Kendati demikian, dirinya mengingatkan bahwa upaya memperluas lahan perkebunan sawit atau ekstensifikasi bukanlah perkara mudah karena berisiko memicu gesekan terkait masalah sosial serta lingkungan hidup.
Oleh karena itu, langkah menggenjot produktivitas kebun sawit yang sudah ada dipandang sebagai opsi yang jauh lebih rasional demi mencukupi kebutuhan bahan baku biodiesel nasional.
Di samping ketersediaan bahan baku, Andi menilai bahwa kesiapan fasilitas infrastruktur distribusi juga memegang peranan sebagai tantangan berskala besar.
Saat ini, tercatat sekitar 82% dari total penyaluran biodiesel nasional dijalankan oleh PT Pertamina lewat 132 terminal bahan bakar minyak yang tersebar secara merata di berbagai wilayah.
Dirinya berpendapat bahwa kapasitas fasilitas penyimpanan serta jalur distribusi tersebut perlu segera ditingkatkan agar sanggup melayani pengiriman B50 secara maksimal.
Pada sektor hulu, kapasitas pabrik pengolahan biodiesel pun mendesak untuk diperkuat kembali. Merujuk pada data dari Asosiasi Produsen Biofuel Indonesia atau Aprobi, kapasitas aktif pabrik biodiesel saat ini baru berada di angka sekitar 17,1 juta kiloliter.
"Kalau kebutuhan FAME melebihi kapasitas itu, maka perlu ada peningkatan kapasitas maupun pembangunan pabrik baru. Sementara pembangunan fasilitas baru paling cepat membutuhkan waktu sekitar 2 tahun," katanya.
Persoalan berikutnya yang tidak kalah penting adalah menjaga kesinambungan dukungan insentif yang berada di bawah pengelolaan Badan Pengelola Dana Perkebunan Kelapa Sawit atau BPDPKS.

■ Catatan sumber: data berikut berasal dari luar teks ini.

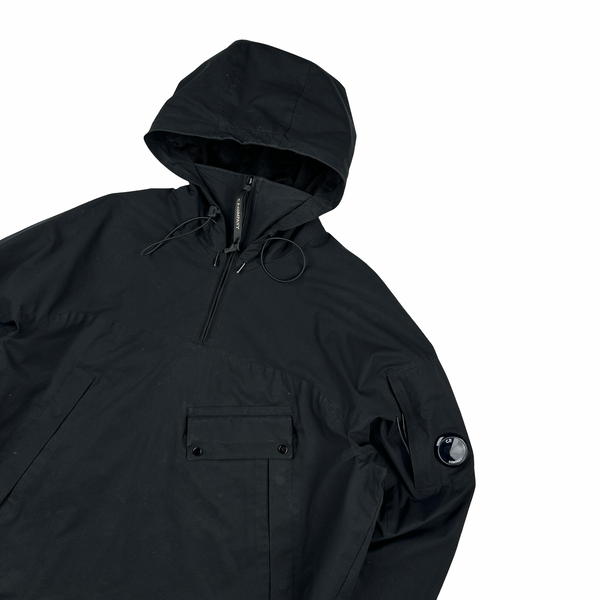 CP Company Black Pro Tek Lightweight Hooded Pullover Jacket - Large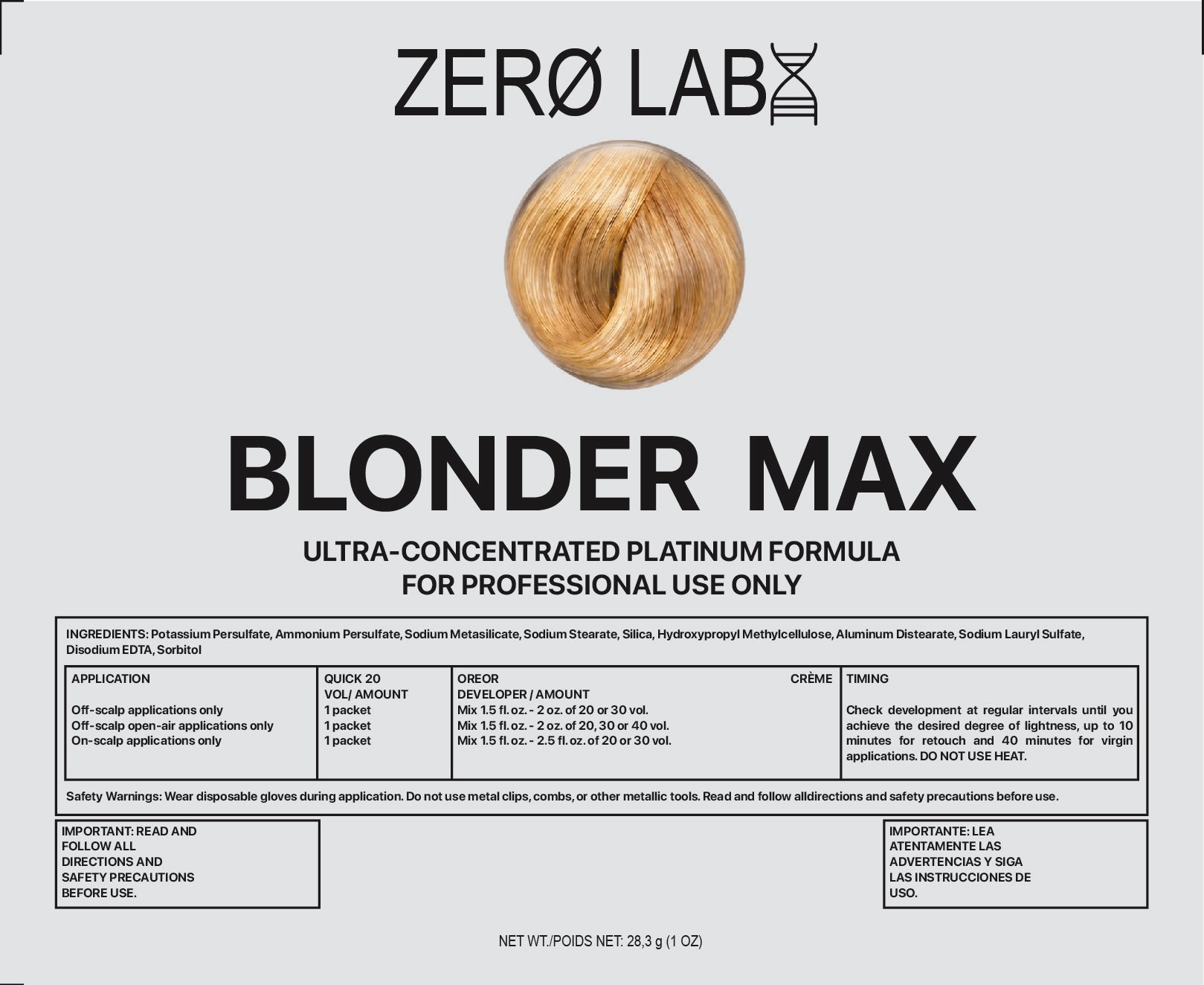 Zero Lab - Blonder Max 1 OZ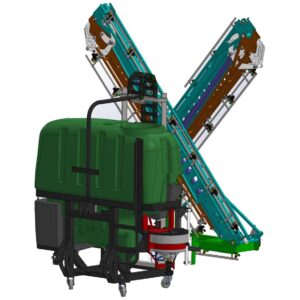 Erbicidator purtat Bufer, Panter Maxi Hidro, 1600 litri, lance 15 m in X, deschidere si ridicare hidraulica, latime de transport 3m, trijet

Andi menuturkan bahwa keberhasilan program mandatori biodiesel selama ini tidak bisa dilepaskan dari sokongan dana insentif yang bersumber langsung dari pungutan ekspor produk-produk turunan kelapa sawit.
Ia turut memperingatkan bahwa lonjakan porsi alokasi CPO untuk memenuhi kebutuhan dalam negeri lewat program biodiesel ini berpotensi memangkas volume ekspor ke luar negeri.

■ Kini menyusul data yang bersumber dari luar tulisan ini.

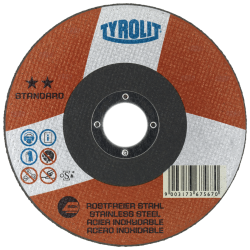 Doorslijpschijf** 125x1,6x22,2 voor metaal, per doos a 25 st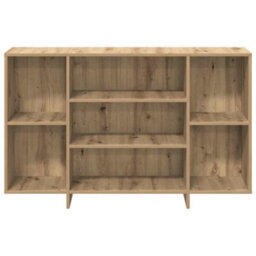 Berkfield Sideboard Artisan Oak 120 X 30 X 75 Cm Engineered Wood - thumbnail 4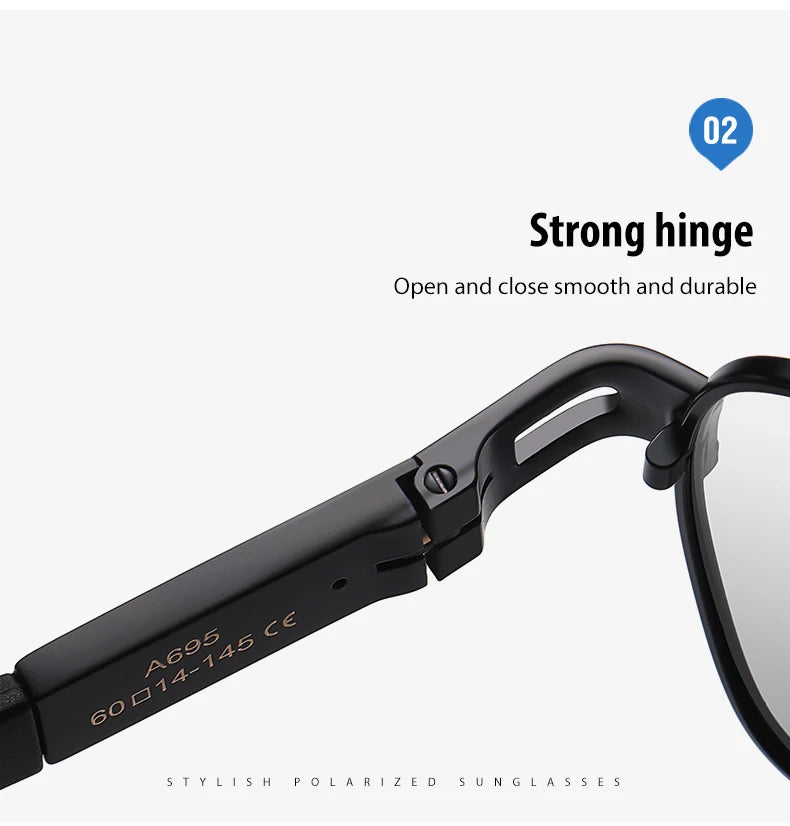 CoolPandas High Quality Sunglasses Polarized Men Women Photochromic UV400 Protection Driving Sun Glasses Unisex Chameleon Lens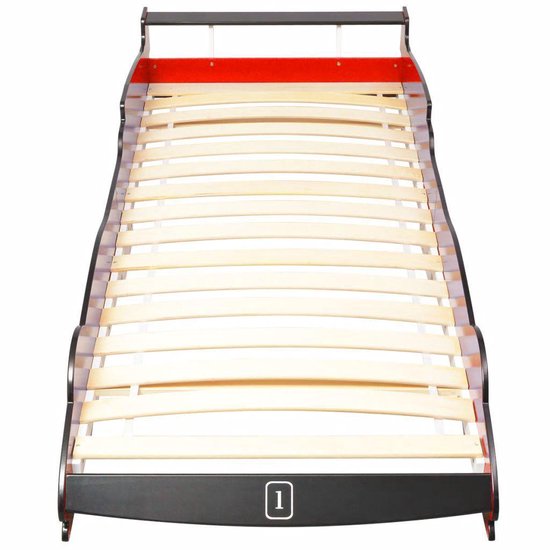 vidaXL - Kinderbed - raceauto - rood - 90x200 - cm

Situasi tersebut dikhawatirkan dapat berimbas pada merosotnya perolehan Pendapatan BPDPKS yang selama ini diandalkan sebagai sumber utama pembiayaan insentif biodiesel.
"Kalau ekspor menurun, otomatis penerimaan BPDPKS juga akan berkurang. Ini menjadi tantangan yang harus diantisipasi agar keberlanjutan program biodiesel tetap terjaga," ujarnya.